Ocare Enrollees Have Trouble Finding In-network Doctors

Surprise?

(LA Times) After overcoming website glitches and long waits to get Obamacare, some patients are now running into frustrating new roadblocks at the doctor’s office.

A month into the most sweeping changes to healthcare in half a century, people are having trouble finding doctors at all, getting faulty information on which ones are covered and receiving little help from insurers swamped by new business.

Experts have warned for months that the logjam was inevitable. But the extent of the problems is taking by surprise many patients — and even doctors — as frustrations mount.

Part of this is bad information and bad websites, and insurance companies being overwhelmed. But, it also goes to losing your doctor

Aliso Viejo resident Danielle Nelson said Anthem Blue Cross promised half a dozen times that her oncologists would be covered under her new policy.

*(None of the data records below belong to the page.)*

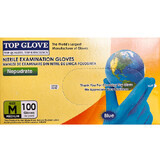 Nitrile Examination Gloves Nepudrate M, 100 pcs, Top Glove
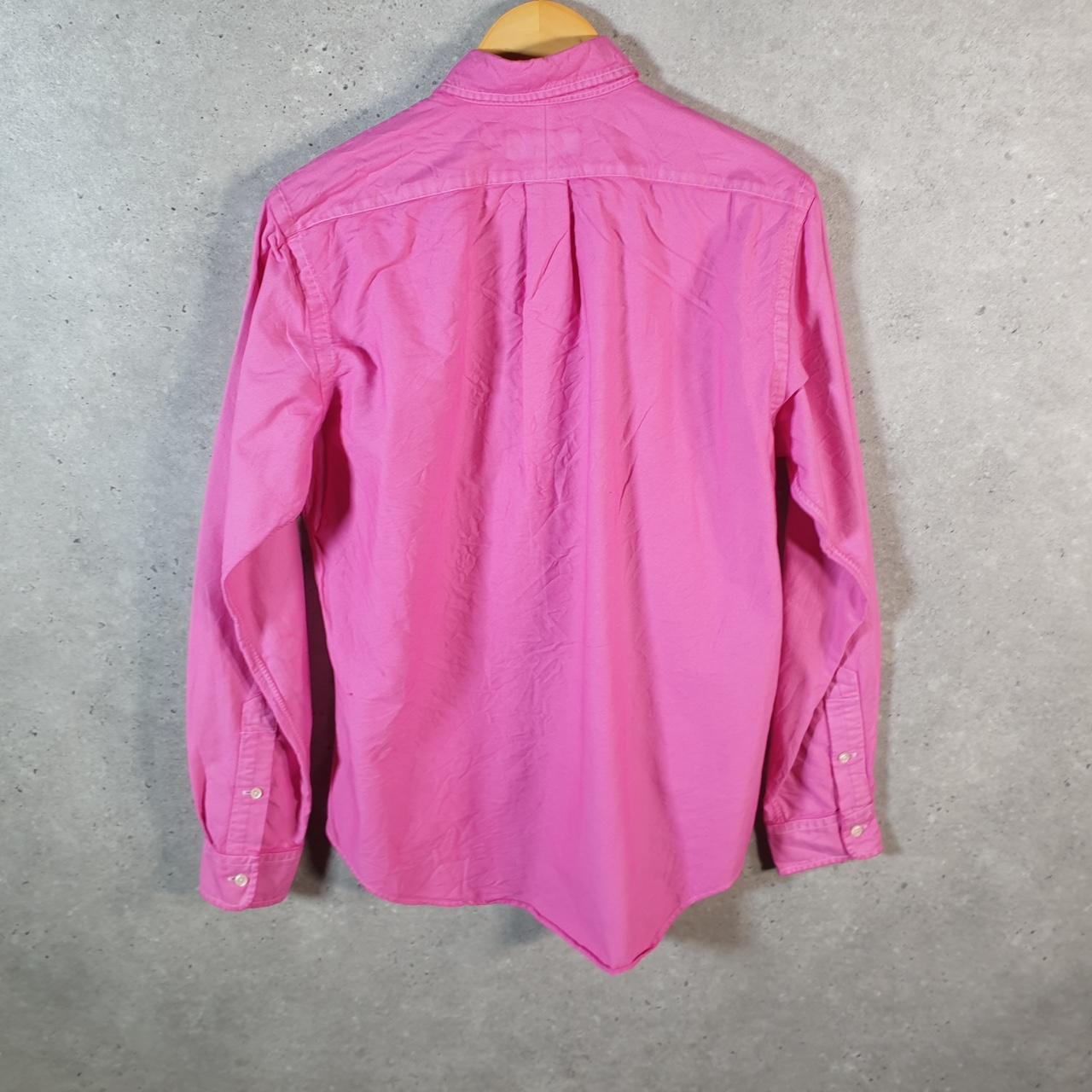 Vintage Ralph Lauren Button Down Shirt Men’s Medium Pink Pony Casual C8084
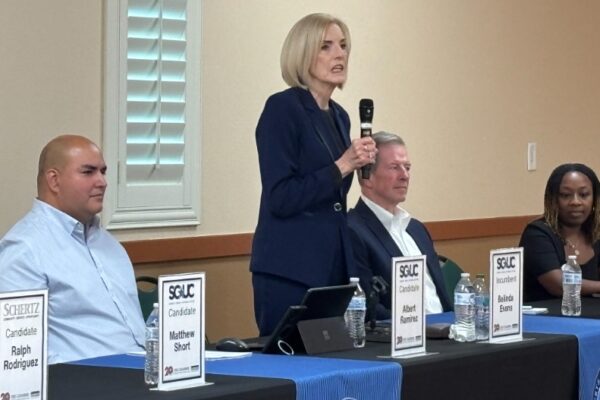 Belinda Evans SCUCISD candidate forum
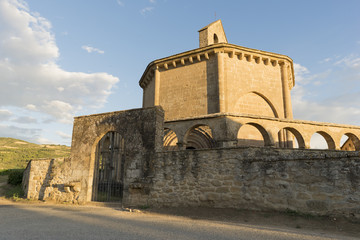 Hermitage of Santa Maria de Eunate in Navarre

She was diagnosed last year with non-Hodgkin’s lymphoma and discovered a suspicious lump near her jaw in early January.

But when she went to her oncologist’s office, she promptly encountered a bright orange sign saying that Covered California plans are not accepted.

“I’m a complete fan of the Affordable Care Act, but now I can’t sleep at night,” Nelson said. “I can’t imagine this is how President Obama wanted it to happen.”

Well, you just continue being a fan and putting that shield over Obama’s posterior. And not sleeping, because you lost your doctor, unlike what Obama promised.

Another person in the article referred to it as a “phantom network”.

Last week, the California Assembly approved legislation enabling people who lost coverage because of the overhaul to keep seeing their doctors if they’re pregnant or undergoing treatment for cancer or other conditions.

If you have to pass a law to keep people from losing their insurance due to the previous plan you supported, doesn’t say much about the original law, eh?

Nationwide, about 70% of new insurance plans under the healthcare law feature relatively narrow hospital networks compared with many existing plans, according to consulting firm McKinsey & Co.

Ocare is about cost savings, not expansion, and due to this idiocy people’s “choice” will be severely restricted.